Forum Moderators: DixonJones
I noticed that my Netracker Professional 7.5 log analyzer was not picking up all the Google keywords on initial referrals. I checked and my free version of Webfunnel that I use for quick traffic analysis during the day wasn't picking up all the Google keywords either.
In addition to the above log analyzers I also use some custom macros with Ultraedit, a powerful text editor, for special tasks. I looked into the log files and found incoming google traffic with lines like this:
proxya.scott.af.mil - - [25/Mar/2005:11:27:29 -0500] "GET /online-store/scstore/p-02100.html HTTP/1.1" 200 12728 "http://www.google.com/search?sourceid=navclient&ie=UTF-8&rls=GGLD,GGLD:2004-19,GGLD:en&q=HP+2200+toner+" "Mozilla/4.0 (compatible; MSIE 6.0; Windows NT 5.1; .NET CLR 1.1.4322)"

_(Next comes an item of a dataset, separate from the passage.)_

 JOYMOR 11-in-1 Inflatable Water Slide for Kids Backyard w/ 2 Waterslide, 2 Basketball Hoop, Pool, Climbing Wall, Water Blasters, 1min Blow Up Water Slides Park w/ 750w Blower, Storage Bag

I've bolded the area of the log file that appears to be screwing up my log analyzers. They were not picking up "HP+2200+toner" as a keyword. Running around on the web trying to learn more it appears that these log entries originate from people doing searches with the Google toolbar. There are two formats of this type. The one like the above log file entry and this one:
dsl-KK-static-231.202.95.61.touchtelindia.net - - [25/Mar/2005:08:02:02 -0500] "GET /online-store/scstore/c-Omnifax.html HTTP/1.0" 200 11654 "http://www.google.com/search?hl=en&lr=&rls=GGLD%2CGGLD%3A2004-35%2CGGLD%3Aen&q=XEROX+OMNIFAX" "Mozilla/4.0 (compatible; MSIE 6.0; Windows NT 5.0)"

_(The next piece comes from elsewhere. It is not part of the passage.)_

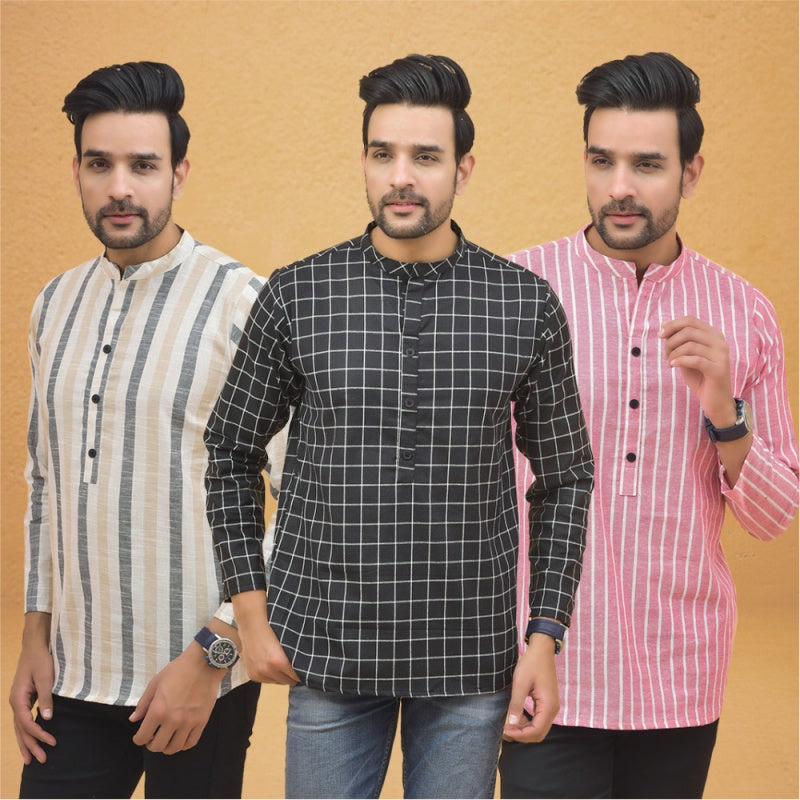 Combo of 3 Men Kurtas Stripe Cotton Handloom Black Pink and Beige-25234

I've bolded the key area of this log file entry also. In reading posts from other people looking at these log entries the best guess was that the letters "rls" stood for "release" and the following "2004-35" was the version and date of the specific Google toolbar being used. Sounds logical to me.
In any event, neither Netracker or Webfunnel could pick up the keywords in these log entries. Losing all the keywords from Google toolbar users coming into my site was screwing up my Adwords ROI analysis and messing with tracking my organic SERP SEO efforts also.

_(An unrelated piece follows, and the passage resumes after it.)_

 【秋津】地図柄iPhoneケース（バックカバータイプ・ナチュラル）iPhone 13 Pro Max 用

I studied the structure of the entries and wrote a macro using Ultraedit that stripped out the toolbar part of the entry and rewrote it to look like a strandard Google logfile log entry. Because there are two versions of these log entries I had to rewrite separate macros for each format.
Running the macros against three weeks worth of log data was incredibly slow. About 6 hours to run it twice on about 275,000 log entries. On the otherhand it was the only available tool to do this with - search and replace is useless with so many different Google toolbar release dates, etc.
I tested it today with both Netracker and Webfunnel on my traffic today and the difference in key word analysis was incredible. Before cleaning up the log entries they both picked up about 85 keywords. After cleaning up the log file with the macros I wrote to rewrite the Google toolbar log file entries into traditional Google format they picked up 124 keywords!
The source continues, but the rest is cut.